Central image sharpness and chromatic correction is superb but away from the middle the other aberrations really bite. At full aperture field curvature, coma, and astigmatism become obtrusive only 50mm away from the middle of the field and the image corners are complete mush. For example, at the far edge the focal difference between the radial and sagittal components of the astigmatic image amounts to 30mm!

Frankly, I have never succeeded in producing worthwhile soft focus portraits with this lens. Either it is just too brutally blurry or I need more imagination.

By the way good-ish full format sharpness is possible but I need f.512 to do it. That's pinhole territory.

Ed K.
28-Apr-2007, 18:53
I'll have to try that special stereo lens with the nose and mustache - when I get a chance. I see that there are fairly good priced +1 diopters in the 280mm diameter or so. The dreamy quality of the diopter alone is pretty cool, and perhaps part of it is indeed the silver, thick "iris" created by a Sinar lensboard. One person wrote a suggestion to me but then didn't have their email enabled for me to thank them - so thanks to that person for suggestions!

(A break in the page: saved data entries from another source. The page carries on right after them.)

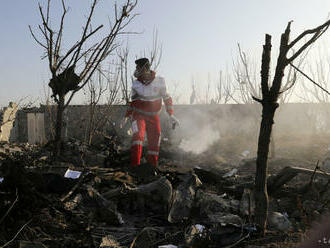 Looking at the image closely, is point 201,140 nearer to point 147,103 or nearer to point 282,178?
point 147,103

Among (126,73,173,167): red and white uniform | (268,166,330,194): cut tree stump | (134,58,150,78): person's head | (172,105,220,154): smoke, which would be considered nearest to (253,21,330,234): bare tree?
(268,166,330,194): cut tree stump

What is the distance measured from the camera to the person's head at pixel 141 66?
5.07 metres

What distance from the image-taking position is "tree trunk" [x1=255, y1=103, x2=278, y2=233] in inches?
89.1

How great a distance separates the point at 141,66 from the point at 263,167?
10.8 ft

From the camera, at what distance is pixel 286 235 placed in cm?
231

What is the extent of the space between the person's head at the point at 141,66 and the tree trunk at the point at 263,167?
312cm

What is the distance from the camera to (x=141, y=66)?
201 inches

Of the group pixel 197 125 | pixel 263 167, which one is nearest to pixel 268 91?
pixel 263 167

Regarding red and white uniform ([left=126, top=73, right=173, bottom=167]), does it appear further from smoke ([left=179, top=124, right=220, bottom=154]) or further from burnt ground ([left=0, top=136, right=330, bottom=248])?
smoke ([left=179, top=124, right=220, bottom=154])

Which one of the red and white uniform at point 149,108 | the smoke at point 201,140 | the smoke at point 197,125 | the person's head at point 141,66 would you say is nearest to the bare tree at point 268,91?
the red and white uniform at point 149,108

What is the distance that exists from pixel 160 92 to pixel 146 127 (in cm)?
67

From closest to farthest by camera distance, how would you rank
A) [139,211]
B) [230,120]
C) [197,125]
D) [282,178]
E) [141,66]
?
[139,211] < [282,178] < [141,66] < [197,125] < [230,120]

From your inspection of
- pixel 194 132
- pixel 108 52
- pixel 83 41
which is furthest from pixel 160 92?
pixel 194 132

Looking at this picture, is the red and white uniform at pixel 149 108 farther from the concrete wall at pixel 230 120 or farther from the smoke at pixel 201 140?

At this point, I stumbled upon a 24" f6 Bausch and Lomb that is not tea colored. It's in pretty nice shape overall. The working shutter assembly was really huge, but nearly perfect with only 2,500 actuations (must overhaul at 250,000!). I've decided to simply make a nice barrel for it with a slot for waterhouse stops and then play with that. The 600mm focal length should work about right, especially if I build an extension box to it. I might even just make a wooden box, put a shutter such as a Packard in it, plus a place to put stops, and then make it so that it is basically a Deardorff extension with lens, shutter and the works. Hmm, a built-in shade too. To mess up the image, I could adjust the spacing between the elements. Sure wish I had a machine shop..

And finally, maybe somebody will donate a really nice long portrait lens to me:) (just kidding).